The ex-hostage in Mali Sophie Pétronin, a humanitarian carried by faith

“I made detention a spiritual retreat. “ With a thin white veil around her head, Sophie Pétronin does not look like these hostages tested by years of detention. With a keen eye, she claims to be fine. “I have always been respected, they took care of me, I can’t lie », she confides at the microphone of TF1-LCI. Three and a half years after her kidnapping by a group of Malian jihadists, the last French hostage in the world is finally free.

The 75-year-old Frenchwoman was greeted with honors on the tarmac at Villacoublay, south of Paris, on Friday, October 9. Hailed by the President of the Republic Emmanuel Macron, she then threw herself into the arms of her family.

→ EXPLANATION. How Sophie Pétronin’s release in Mali became possible →

“For Mali, I will pray, implore Allah’s blessings and mercy, because I am a Muslim. You say Sophie, but it’s Mariam you have in front of you », she later said. His son, questioned by BFM-TV, explains his conversion as follows: “When you are about to experience this kind of adventure, it is more in your interest to familiarize yourself with the habits and customs and try to be more in the acceptance, the understanding. “

Before her kidnapping, Sophie Pétronin was a Catholic and practiced regularly, told The cross Pastor Samuel Guindo, head of the Protestant Churches of Gao, in south-eastern Mali.

A first kidnapping attempt

The French humanitarian aid worker was kidnapped on Christmas Eve in 2016. In Gao, Sophie Pétronin was not hiding. After having escaped a first attempt to kidnap armed Islamists in 2012, the Frenchwoman knew that she could be profitable prey for the jihadists, especially as they were strengthening their hold on northern Mali. But she wanted to continue the task she had given herself, that of feeding Gao’s children well.

She settled in the Sahel because she “Clicked to help these populations by going there with a friend in 1996”, specifies his son. In 2001, she founded the Gao Aid Association (AAG), which treats children suffering from malnutrition.

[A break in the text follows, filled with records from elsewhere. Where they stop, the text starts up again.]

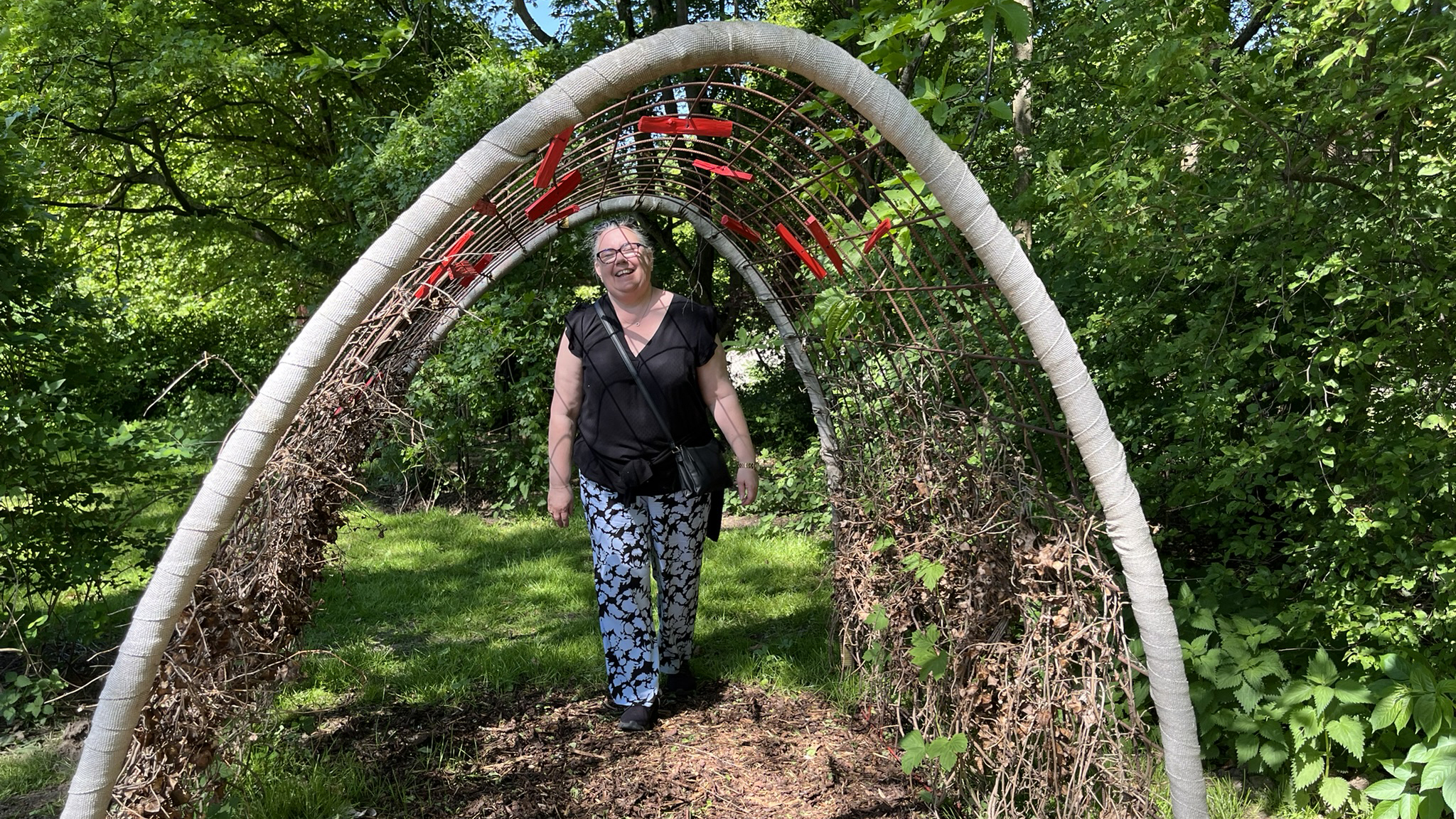 En kvinna går genom en tunnel av ett böjt armeringsnät, där humleplantor slingar sig uppåt längs sidorna.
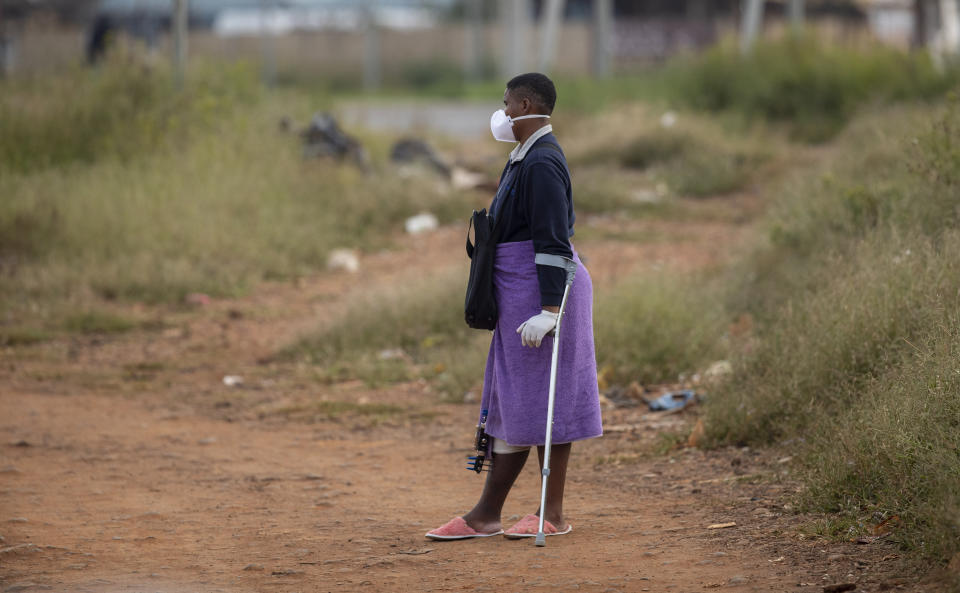 Noxolo Mbatha, wearing face masks and surgical gloves to protect herself against coronavirus, awaits a taxi for her hospital appointment at a informal settlement, east of Johannesburg, South Africa, Friday, March 27, 2020. The new coronavirus causes mild or moderate symptoms for most people, but for some, especially older adults and people with existing health problems, it can cause more severe illness or death. (AP Photo/Themba Hadebe)
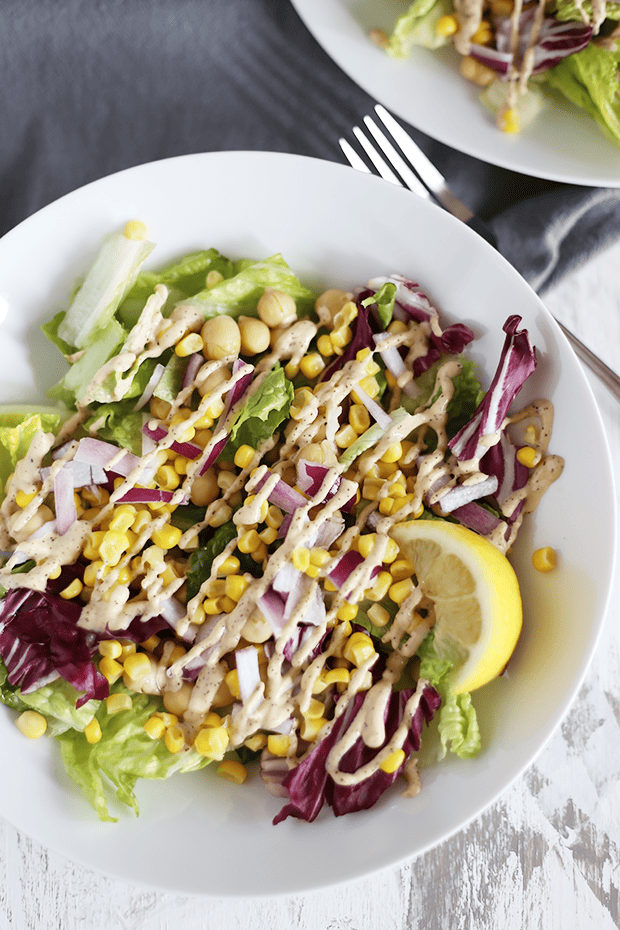 This Easy Clean Chickpea Corn Salad is healthy, quick and easy to make, packed with protein and healthy fats, paired with a chili tahini dressing! Vegan, GF | TwoRaspberries.com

Coordinator of the migrant house in Gao, Eric Kamden, worked with her. “It was the passion for her work that made her survive in the temperature and security conditions we know in Gao”, he confides to The cross. “No one spoke badly about her. It was not the White woman who was giving lessons. “

Several adopted daughters

Sophie Pétronin visited the health centers where she had organized assistance for malnourished children every day. Everyone in Gao liked “Its simplicity and its smile”, relate Éric Kamden. “She was never aggressive and yet, even at her age, she was a fighter”, adds Pastor Samuel Guindo. “She wasn’t lazy. “

She adopted a daughter there, now around fifteen, her son also emphasizes. To Gao, Eric Kamden indicates that she “Had several adoptive daughters that she hosted with her. She had adopted our culture, dressed in African style. It was really very simple ”.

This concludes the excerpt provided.